* Record extracts:
Content starts

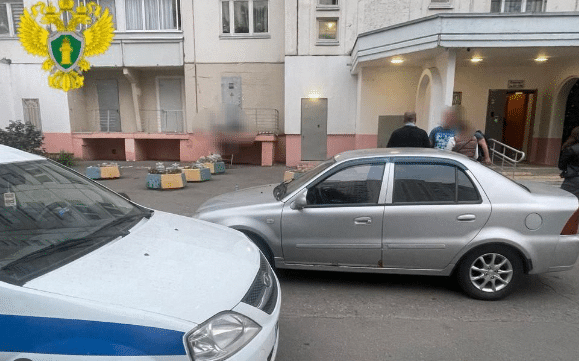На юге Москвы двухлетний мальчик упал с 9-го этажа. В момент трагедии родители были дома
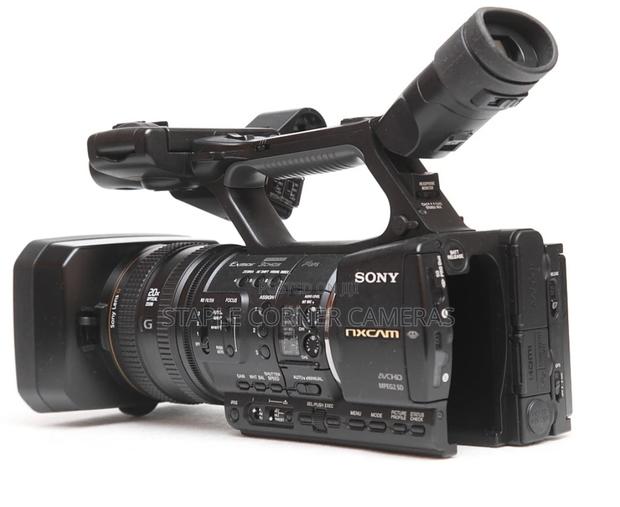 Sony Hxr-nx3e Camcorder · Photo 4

Content ends
Content starts

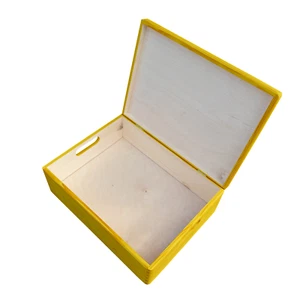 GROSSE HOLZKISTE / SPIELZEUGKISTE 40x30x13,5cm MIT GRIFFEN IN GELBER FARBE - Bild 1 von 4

Content ends
Content starts

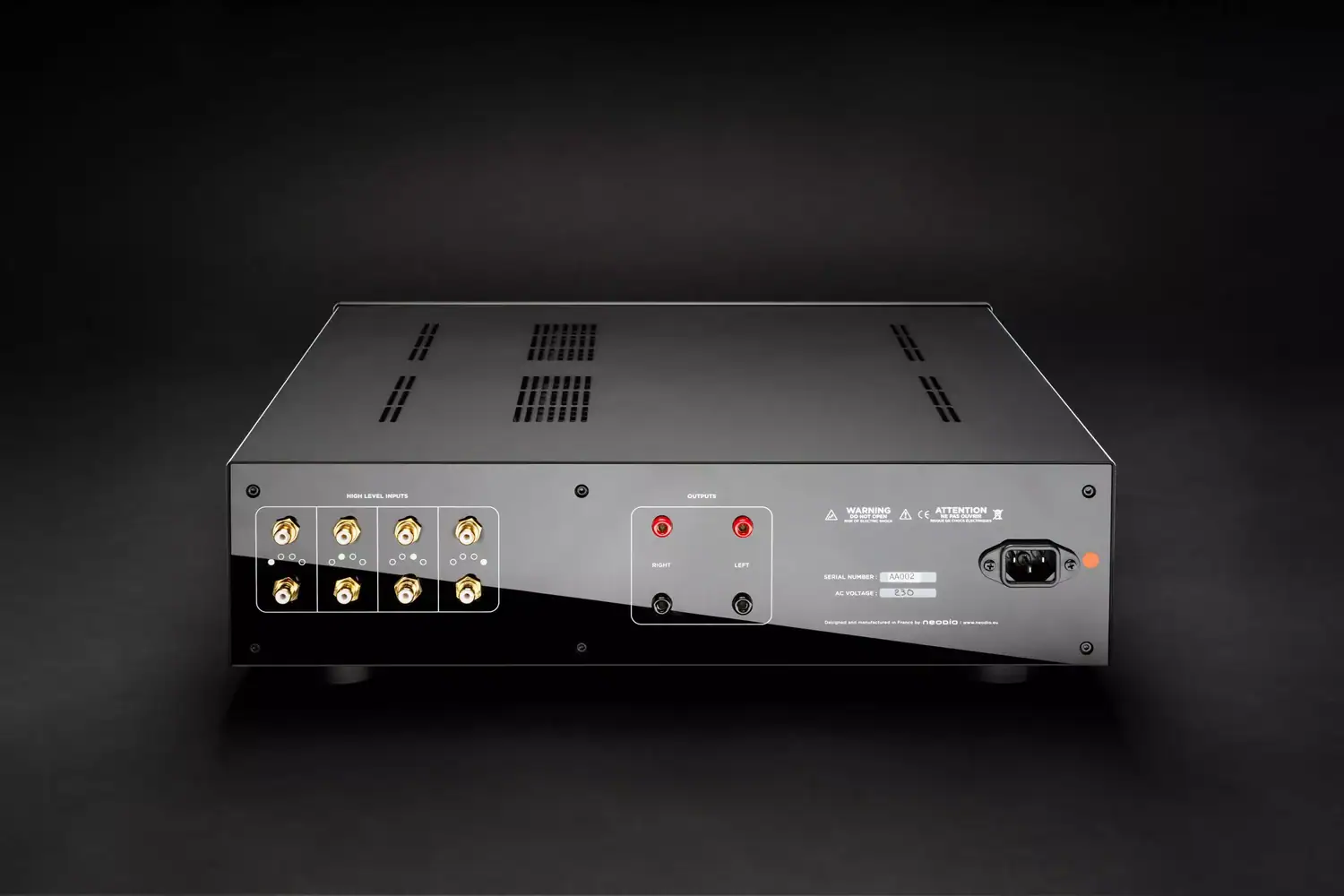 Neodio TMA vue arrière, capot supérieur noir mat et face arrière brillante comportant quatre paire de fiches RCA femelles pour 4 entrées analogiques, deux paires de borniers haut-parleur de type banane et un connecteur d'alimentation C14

Content ends

Look above for the line with "На юге Москвы" and the line with "Sony Hxr-nx3e Camcorder · Photo 4", then copy them and all lines in between exactly as written, and only those, without any pictures.

* Answer space:
На юге Москвы двухлетний мальчик упал с 9-го этажа. В момент трагедии родители были дома
 Sony Hxr-nx3e Camcorder · Photo 4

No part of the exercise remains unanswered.